=== DATA EXCERPTS ===

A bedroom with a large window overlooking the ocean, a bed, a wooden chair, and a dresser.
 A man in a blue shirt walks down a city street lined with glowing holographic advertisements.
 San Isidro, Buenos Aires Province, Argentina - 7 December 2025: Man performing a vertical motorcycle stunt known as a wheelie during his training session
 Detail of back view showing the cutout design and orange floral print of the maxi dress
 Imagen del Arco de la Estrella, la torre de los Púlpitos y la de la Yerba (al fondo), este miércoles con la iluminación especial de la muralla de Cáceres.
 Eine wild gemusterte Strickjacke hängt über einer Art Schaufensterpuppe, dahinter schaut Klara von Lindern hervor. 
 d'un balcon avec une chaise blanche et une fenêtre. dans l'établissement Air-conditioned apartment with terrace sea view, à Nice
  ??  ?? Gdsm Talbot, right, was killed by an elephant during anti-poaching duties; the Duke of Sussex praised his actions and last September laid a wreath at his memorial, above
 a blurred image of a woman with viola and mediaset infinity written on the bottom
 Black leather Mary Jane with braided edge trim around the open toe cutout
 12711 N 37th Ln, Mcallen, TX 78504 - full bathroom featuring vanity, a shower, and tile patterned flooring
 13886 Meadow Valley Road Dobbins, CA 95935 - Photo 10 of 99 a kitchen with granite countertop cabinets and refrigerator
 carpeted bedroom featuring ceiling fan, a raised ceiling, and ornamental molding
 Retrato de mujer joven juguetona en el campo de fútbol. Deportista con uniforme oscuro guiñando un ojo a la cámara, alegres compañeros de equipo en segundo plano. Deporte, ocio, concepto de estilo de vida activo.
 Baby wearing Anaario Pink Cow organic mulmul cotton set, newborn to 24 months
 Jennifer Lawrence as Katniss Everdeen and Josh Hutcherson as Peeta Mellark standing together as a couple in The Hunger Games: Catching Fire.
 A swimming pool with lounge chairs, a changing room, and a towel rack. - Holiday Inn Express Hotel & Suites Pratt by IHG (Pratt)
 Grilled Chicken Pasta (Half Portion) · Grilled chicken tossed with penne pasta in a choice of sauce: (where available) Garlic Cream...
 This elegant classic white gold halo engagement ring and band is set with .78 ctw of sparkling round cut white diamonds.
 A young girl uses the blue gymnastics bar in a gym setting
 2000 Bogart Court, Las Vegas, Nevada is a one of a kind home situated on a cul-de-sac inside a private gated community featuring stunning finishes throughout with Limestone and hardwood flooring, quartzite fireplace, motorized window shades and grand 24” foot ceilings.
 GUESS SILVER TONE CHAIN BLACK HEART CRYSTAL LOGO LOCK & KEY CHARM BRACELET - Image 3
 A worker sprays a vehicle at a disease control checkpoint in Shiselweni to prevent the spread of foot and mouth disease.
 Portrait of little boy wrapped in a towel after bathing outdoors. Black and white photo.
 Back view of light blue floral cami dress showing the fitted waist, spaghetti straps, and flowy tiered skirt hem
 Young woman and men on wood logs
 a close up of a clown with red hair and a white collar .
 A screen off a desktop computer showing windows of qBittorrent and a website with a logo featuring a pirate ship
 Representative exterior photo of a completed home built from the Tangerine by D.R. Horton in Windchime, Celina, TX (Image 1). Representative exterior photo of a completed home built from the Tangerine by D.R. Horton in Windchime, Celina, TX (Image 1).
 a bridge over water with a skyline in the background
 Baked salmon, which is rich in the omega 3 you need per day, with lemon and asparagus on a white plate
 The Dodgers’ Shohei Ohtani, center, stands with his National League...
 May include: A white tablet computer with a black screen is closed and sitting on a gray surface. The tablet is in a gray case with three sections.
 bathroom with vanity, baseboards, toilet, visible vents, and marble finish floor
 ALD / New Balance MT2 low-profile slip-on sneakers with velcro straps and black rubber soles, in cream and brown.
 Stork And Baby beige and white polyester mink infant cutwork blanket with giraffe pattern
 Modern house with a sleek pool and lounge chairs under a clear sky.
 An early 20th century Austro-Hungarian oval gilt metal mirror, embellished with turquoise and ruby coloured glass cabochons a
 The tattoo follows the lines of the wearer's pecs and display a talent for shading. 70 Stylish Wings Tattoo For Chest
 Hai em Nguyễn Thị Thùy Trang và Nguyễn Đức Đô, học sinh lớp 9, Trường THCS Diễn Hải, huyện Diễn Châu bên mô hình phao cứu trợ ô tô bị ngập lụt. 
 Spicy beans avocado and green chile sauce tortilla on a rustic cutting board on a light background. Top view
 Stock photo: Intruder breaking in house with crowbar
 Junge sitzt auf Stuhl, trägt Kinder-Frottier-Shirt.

===

Look above for the line holding "2000 Bogart Court, Las" and the line holding "The Dodgers’ Shohei". Retype both, and every line between them, word for word and nothing else.

## ANSWER BOX
 2000 Bogart Court, Las Vegas, Nevada is a one of a kind home situated on a cul-de-sac inside a private gated community featuring stunning finishes throughout with Limestone and hardwood flooring, quartzite fireplace, motorized window shades and grand 24” foot ceilings.
 GUESS SILVER TONE CHAIN BLACK HEART CRYSTAL LOGO LOCK & KEY CHARM BRACELET - Image 3
 A worker sprays a vehicle at a disease control checkpoint in Shiselweni to prevent the spread of foot and mouth disease.
 Portrait of little boy wrapped in a towel after bathing outdoors. Black and white photo.
 Back view of light blue floral cami dress showing the fitted waist, spaghetti straps, and flowy tiered skirt hem
 Young woman and men on wood logs
 a close up of a clown with red hair and a white collar .
 A screen off a desktop computer showing windows of qBittorrent and a website with a logo featuring a pirate ship
 Representative exterior photo of a completed home built from the Tangerine by D.R. Horton in Windchime, Celina, TX (Image 1). Representative exterior photo of a completed home built from the Tangerine by D.R. Horton in Windchime, Celina, TX (Image 1).
 a bridge over water with a skyline in the background
 Baked salmon, which is rich in the omega 3 you need per day, with lemon and asparagus on a white plate
 The Dodgers’ Shohei Ohtani, center, stands with his National League...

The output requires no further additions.